Герои Рабле стремятся к Оракулу Божественной Бутылки за истиной, и в который раз обнаруживают, что истина в вине. «TRINK», написанное огромными буквами, светится на сцене. Это мертвый свет, не свет знания. «TRINK» (пей) подменило «THINK» (думай). Именно в момент «тринька» проступает явственная разница между романом и спектаклем, вернее, между прогнозами писателя и режиссера. Книга Рабле — гимн радости жизни, смех его персонажей и его читателей — здоровый, не злой, не отчаянный. «TRINK» — призыв утолить жажду (любую), пить до дна и всласть (имя Пантагрюэль означает жажду — «лакать» было первым словом младенца — и жажду жизни — Пантагрюэль, по мысли отца, должен стать «владыкой жаждущих»). У Богомолова пьют с горя, Оракул Божественной Бутылки оказывается обычной стеклотарой. Из нее не черпают радость жизни, в бутылку, напротив, вся радость и уходит. Пьют и песнь затягивают про «Полюшко-поле», стопку за стопкой доходя до дна не только бутылки, но и собственной жизни.

Обитатели дома престарелых великанов уменьшаются в размерах, становятся все ближе к земле. Листают альбомы, подумывают о мемуарах под условным названием «О достоинствах гульфиков». Старость — это когда не мыслишь себя в будущем времени, или когда не дают думать о будущем. Старость бывает не только по возрасту, как и пенсия. Это состояние, когда мир обновляется, а человек застывает. Такой старости можно и должно противиться, сопротивляться. Это старость ума и души. О ней спектакль и о том, что новый мир не сменяет в одночасье старый, им нужно соседствовать и уживаться. И о том, что старожилы должны «пришельцам новым место дать». Место, а не местечко для жизни, чтобы можно было вытянуться в полный рост.

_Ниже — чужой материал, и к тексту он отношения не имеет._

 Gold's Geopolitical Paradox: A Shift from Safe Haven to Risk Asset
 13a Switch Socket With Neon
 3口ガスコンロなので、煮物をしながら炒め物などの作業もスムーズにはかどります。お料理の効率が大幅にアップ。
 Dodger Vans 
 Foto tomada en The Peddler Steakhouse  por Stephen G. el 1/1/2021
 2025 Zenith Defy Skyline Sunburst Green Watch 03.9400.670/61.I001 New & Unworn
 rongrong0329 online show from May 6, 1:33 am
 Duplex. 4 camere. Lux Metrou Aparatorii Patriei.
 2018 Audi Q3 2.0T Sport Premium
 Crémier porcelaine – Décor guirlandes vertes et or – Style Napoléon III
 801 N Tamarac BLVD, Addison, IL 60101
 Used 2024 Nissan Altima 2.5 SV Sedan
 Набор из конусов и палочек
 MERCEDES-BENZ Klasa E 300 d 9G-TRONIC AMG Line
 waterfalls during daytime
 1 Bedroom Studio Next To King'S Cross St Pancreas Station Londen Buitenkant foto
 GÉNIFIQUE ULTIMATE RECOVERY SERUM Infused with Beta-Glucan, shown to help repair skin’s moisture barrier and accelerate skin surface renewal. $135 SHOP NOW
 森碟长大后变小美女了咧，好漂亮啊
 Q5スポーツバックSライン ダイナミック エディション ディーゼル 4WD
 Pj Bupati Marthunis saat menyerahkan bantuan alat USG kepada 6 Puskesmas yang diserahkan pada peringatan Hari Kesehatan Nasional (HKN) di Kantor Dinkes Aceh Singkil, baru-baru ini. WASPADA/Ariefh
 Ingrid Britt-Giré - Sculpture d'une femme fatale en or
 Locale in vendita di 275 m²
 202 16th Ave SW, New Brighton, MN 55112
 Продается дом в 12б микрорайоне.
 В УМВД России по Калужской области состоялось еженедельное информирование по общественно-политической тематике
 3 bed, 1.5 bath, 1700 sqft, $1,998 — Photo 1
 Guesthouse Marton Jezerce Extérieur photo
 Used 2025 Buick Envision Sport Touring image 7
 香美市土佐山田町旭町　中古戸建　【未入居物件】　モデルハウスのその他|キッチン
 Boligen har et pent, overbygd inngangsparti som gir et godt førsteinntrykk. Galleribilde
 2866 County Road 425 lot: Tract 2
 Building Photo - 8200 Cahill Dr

Финал каждого своего спектакля режиссер завершает своим словом. «Все великаны умерли», — говорит летописец дома престарелых великанов Гомер Иваныч, явно оставшийся без работы, ибо «богатыри не мы». Он встает на колени под звуки песни «Маленькая страна» и зал смеется в последний в этот театральный вечер раз. Смех этот не раблезианский, а сегодняшний, российский. Маленькая страна — это не «королевство маловато, разгуляться негде». Маленькая страна — это люди на коленях. Браво! Аплодисменты. Пора вставать!